Analisamos retrospectivamente todas as TC abdominais de emergência da nossa instituição, realizadas entre 15 de março de 2020 e 21 de abril de 2020, em busca de alterações causadas pela COVID-19 nas bases pulmonares contempladas em imagens abdominais, que poderiam motivar uma investigação mais aprofundada para esse tipo de pneumonia viral.

Dez pacientes atenderam aos critérios de inclusão, e analisamos mais a fundo a história pregressa deles.

Dos pacientes avaliados, cinco eram do sexo masculino (50%). A média de idade foi de 62 anos, variando de 41 a 84 anos. Todos os dez pacientes tiveram resultado positivo no teste de reação em cadeia da polimerase em tempo real (RT-PCR) usando amostra de swab nasofaríngeo.

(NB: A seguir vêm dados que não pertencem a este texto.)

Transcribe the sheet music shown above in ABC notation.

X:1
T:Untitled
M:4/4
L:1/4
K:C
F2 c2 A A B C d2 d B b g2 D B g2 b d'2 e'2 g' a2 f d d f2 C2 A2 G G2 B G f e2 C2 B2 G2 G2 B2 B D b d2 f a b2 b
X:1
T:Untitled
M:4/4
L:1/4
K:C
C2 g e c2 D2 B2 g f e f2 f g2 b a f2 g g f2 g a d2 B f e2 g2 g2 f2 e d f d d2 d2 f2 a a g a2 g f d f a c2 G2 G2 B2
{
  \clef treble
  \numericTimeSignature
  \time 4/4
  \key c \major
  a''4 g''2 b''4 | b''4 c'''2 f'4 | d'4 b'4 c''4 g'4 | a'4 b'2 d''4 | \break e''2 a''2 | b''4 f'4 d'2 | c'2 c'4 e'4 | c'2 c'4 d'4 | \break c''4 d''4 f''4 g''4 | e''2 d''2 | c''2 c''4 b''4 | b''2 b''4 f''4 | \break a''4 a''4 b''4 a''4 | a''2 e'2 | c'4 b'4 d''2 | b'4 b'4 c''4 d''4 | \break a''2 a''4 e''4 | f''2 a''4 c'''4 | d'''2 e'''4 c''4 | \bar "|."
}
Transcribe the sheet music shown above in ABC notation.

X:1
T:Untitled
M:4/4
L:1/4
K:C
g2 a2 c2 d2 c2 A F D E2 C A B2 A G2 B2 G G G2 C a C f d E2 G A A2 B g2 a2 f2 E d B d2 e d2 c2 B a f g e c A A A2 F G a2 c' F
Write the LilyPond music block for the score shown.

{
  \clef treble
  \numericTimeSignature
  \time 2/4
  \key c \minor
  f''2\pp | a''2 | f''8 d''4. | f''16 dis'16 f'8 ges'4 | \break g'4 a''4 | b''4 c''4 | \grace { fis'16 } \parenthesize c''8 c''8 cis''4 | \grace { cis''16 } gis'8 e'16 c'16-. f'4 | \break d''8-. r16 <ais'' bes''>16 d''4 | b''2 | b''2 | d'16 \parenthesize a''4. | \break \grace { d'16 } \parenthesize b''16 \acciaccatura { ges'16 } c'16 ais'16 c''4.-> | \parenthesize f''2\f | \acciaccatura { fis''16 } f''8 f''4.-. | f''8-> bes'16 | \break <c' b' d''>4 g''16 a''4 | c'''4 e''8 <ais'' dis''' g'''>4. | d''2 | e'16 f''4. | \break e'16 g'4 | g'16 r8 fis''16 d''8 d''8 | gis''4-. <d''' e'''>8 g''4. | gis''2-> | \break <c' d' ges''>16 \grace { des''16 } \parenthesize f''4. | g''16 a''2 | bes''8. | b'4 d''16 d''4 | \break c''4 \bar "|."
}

Os sintomas gastrointestinais mais frequentes foram dor abdominal, diarreia, náusea, vômitos e inapetência ( Tabela 1 ), em concordância com outros estudos da literatura. ( 55. Jin X , Lian JS , Hu JH , Gao J , Zheng L , Zhang YM , et al . Epidemiological, clinical and virological characteristics of 74 cases of coronavirus-infected disease 2019 (COVID-19) with gastrointestinal symptoms . Gut . 2020 ; 69 ( 6 ): 1002 - 9 . , 66. Lin L , Jiang X , Zhang Z , Huang S , Zhang Z , Fang Z , et al . Gastrointestinal symptoms of 95 cases with SARS-CoV-2 infection . Gut . 2020 ; 69 ( 6 ): 997 - 1001 . ) Todos os pacientes analisados apresentaram sintomas gastrointestinais antes dos respiratórios.

Tabela 1
Sintomas gastrointestinais

Dor abdominal foi a queixa mais prevalente nos pacientes avaliados – dois apresentaram dor abdominal difusa e quatro, epigástrica. Um paciente tinha dor no flanco esquerdo e outro apresentou dor na fossa ilíaca direita.

Oito pacientes apresentaram diarreia, com duração média de 7 dias, variando de 3 a 20 dias. O paciente com história de 20 dias de diarreia permaneceu no hospital por um período mais longo e precisou tomar diversos antibióticos, o que pode ter contribuído para a longa duração desse sintoma.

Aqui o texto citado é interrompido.